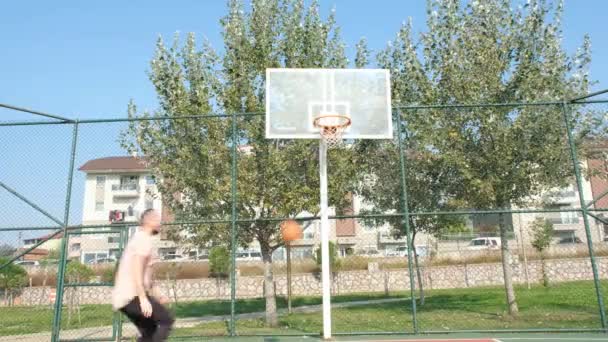 Basketbal spelen alleen — Stockvideo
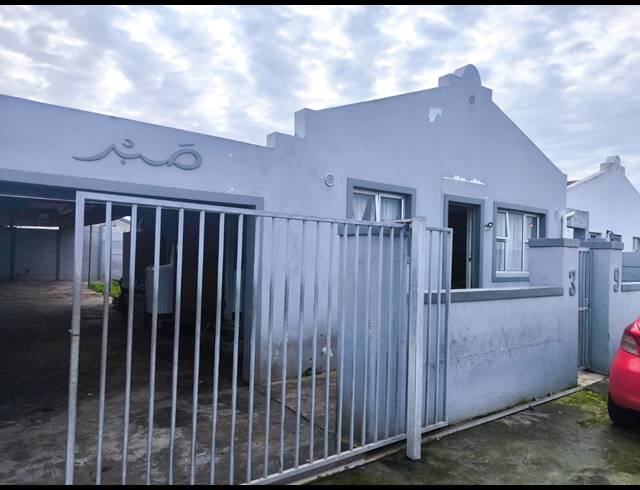 3 BEDROOM HOUSE FOR SALE IN LOTUS RIVER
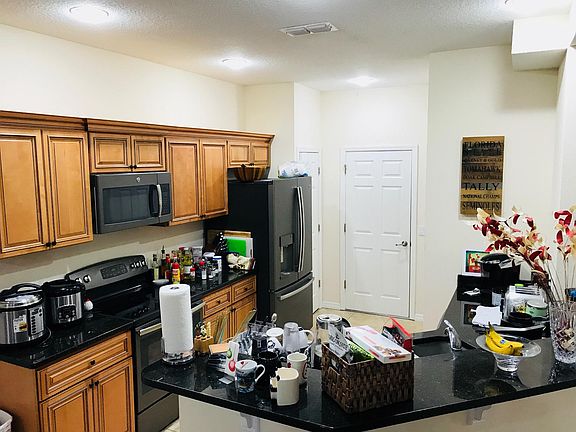 3rd image of 41 Meridian Dr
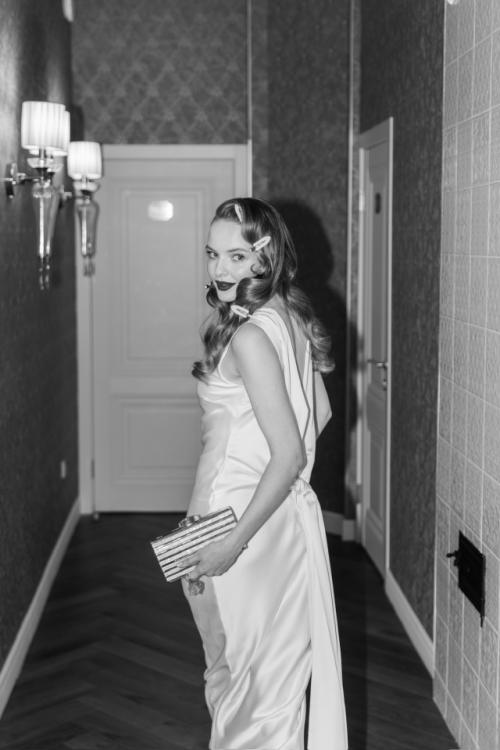 - Вы актриса, верно? 03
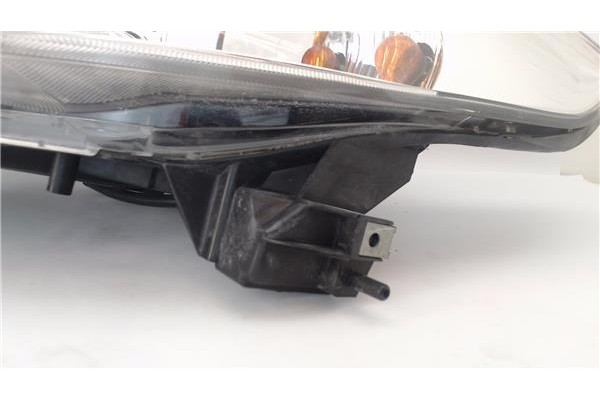 Recambio de faro delantero izquierdo para mazda 5 berlina (cr) 2.0 active+ referencia OEM IAM CC30510L0D C23551040 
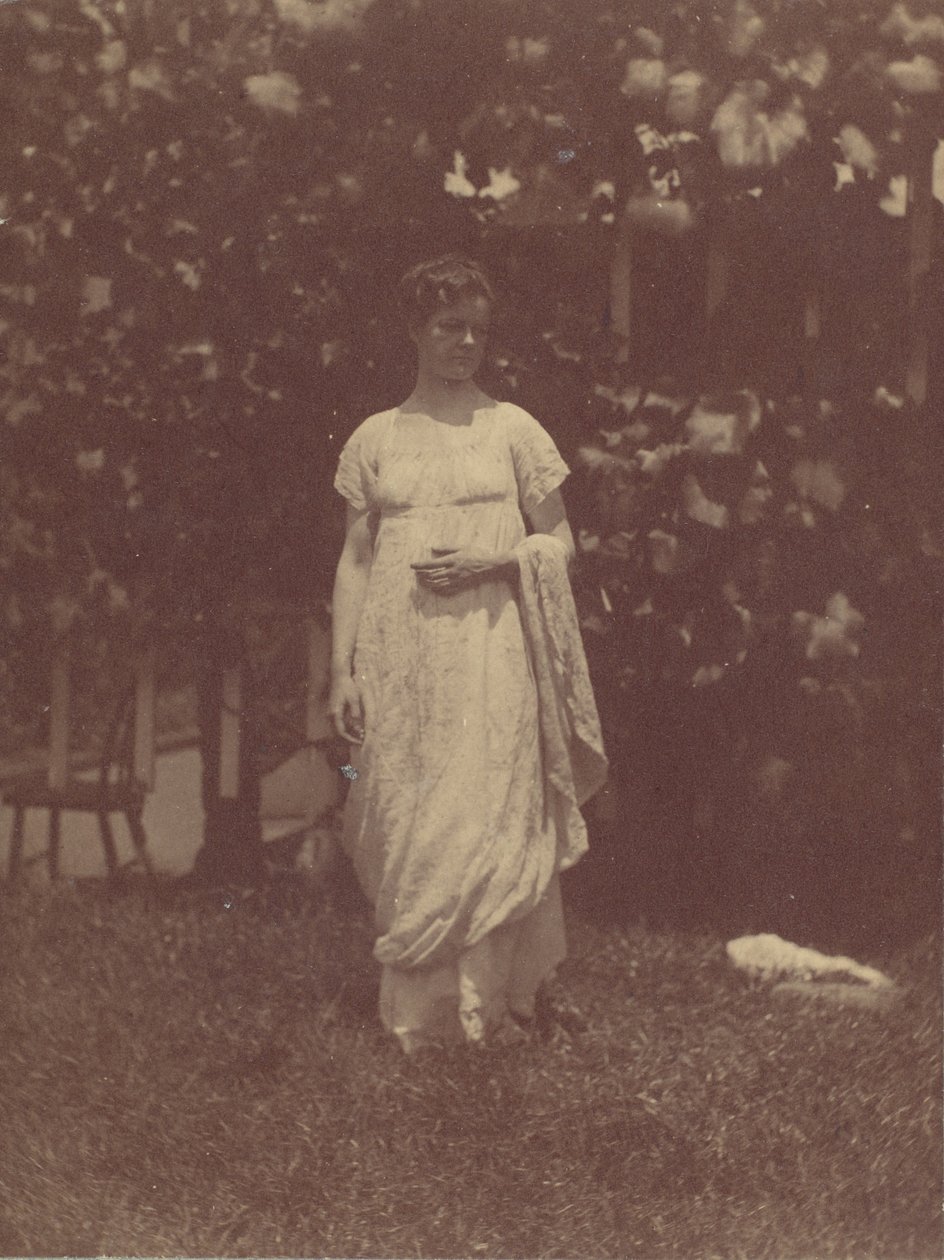 [السّيدة. Louis Kentin in Empire Dress] ، ثمانينيات القرن التاسع عشر ، ثمانينيات القرن التاسع عشر. بواسطة توماس إيكنز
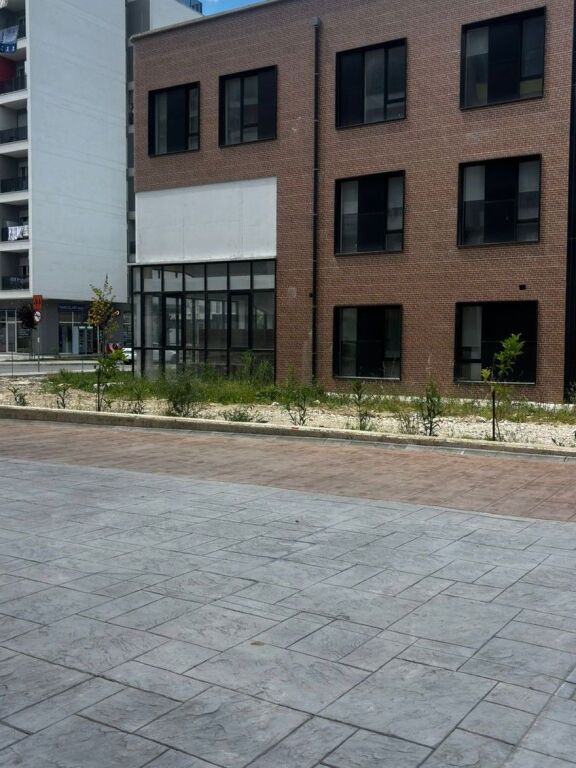 🏢 Shitet dyqan te Univers City, pranë shkollës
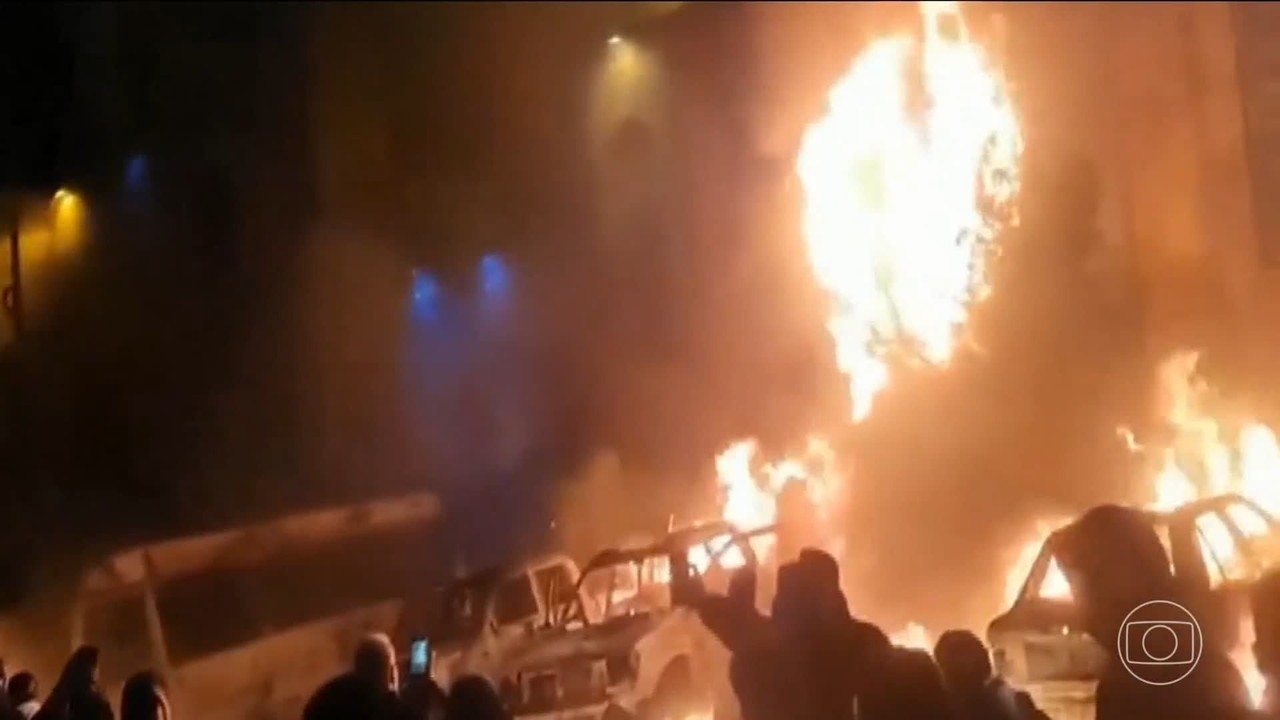 Protestos contra a ditadura já deixam quase 50 mortos no Irã, segundo grupos de direito hu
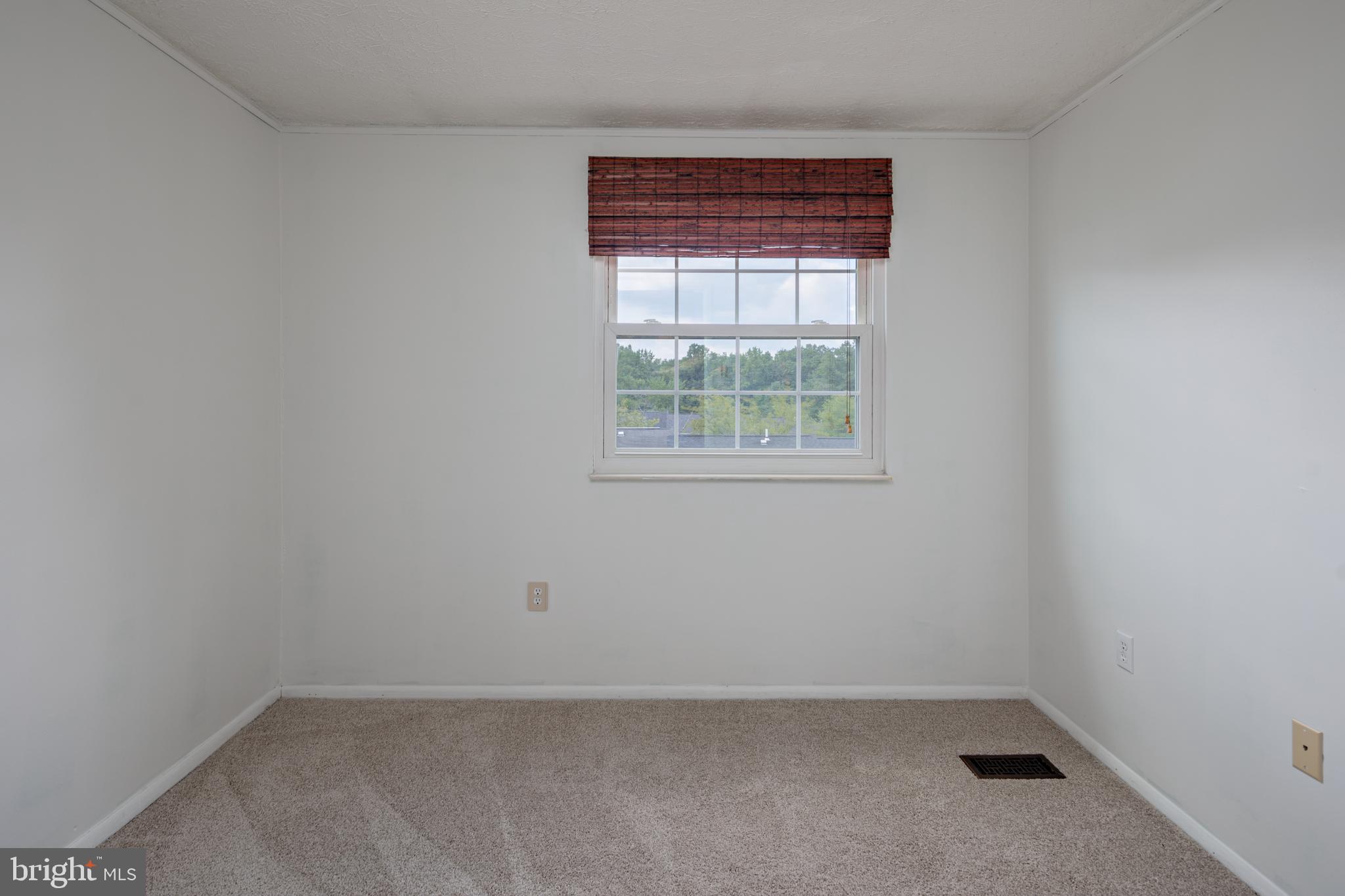 DAMASCUS VALLEY PARK - Residential Lease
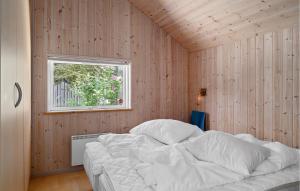 克兰尼茨Beautiful Home In Rdby With Wifi的卧室配有一张白色的木墙床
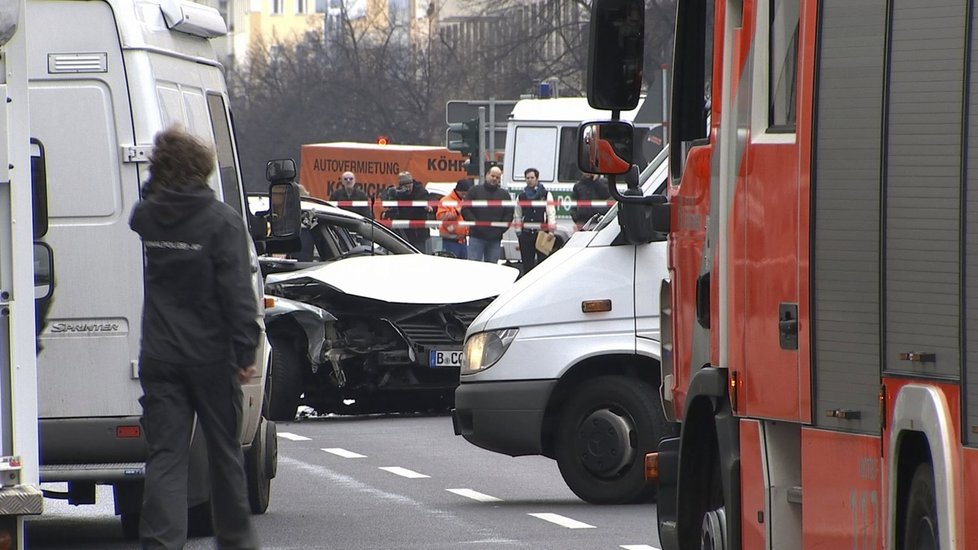 V Berlíně vybuchl za jízdy vůz: Zřejmě v něm byla bomba.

++++++++

Leave the pictures aside and print exactly, and only, the lines from the one with "[السّيدة. Louis Kentin" through the end of the data, both included.

 [السّيدة. Louis Kentin in Empire Dress] ، ثمانينيات القرن التاسع عشر ، ثمانينيات القرن التاسع عشر. بواسطة توماس إيكنز
 🏢 Shitet dyqan te Univers City, pranë shkollës
 Protestos contra a ditadura já deixam quase 50 mortos no Irã, segundo grupos de direito hu
 DAMASCUS VALLEY PARK - Residential Lease
 克兰尼茨Beautiful Home In Rdby With Wifi的卧室配有一张白色的木墙床
 V Berlíně vybuchl za jízdy vůz: Zřejmě v něm byla bomba.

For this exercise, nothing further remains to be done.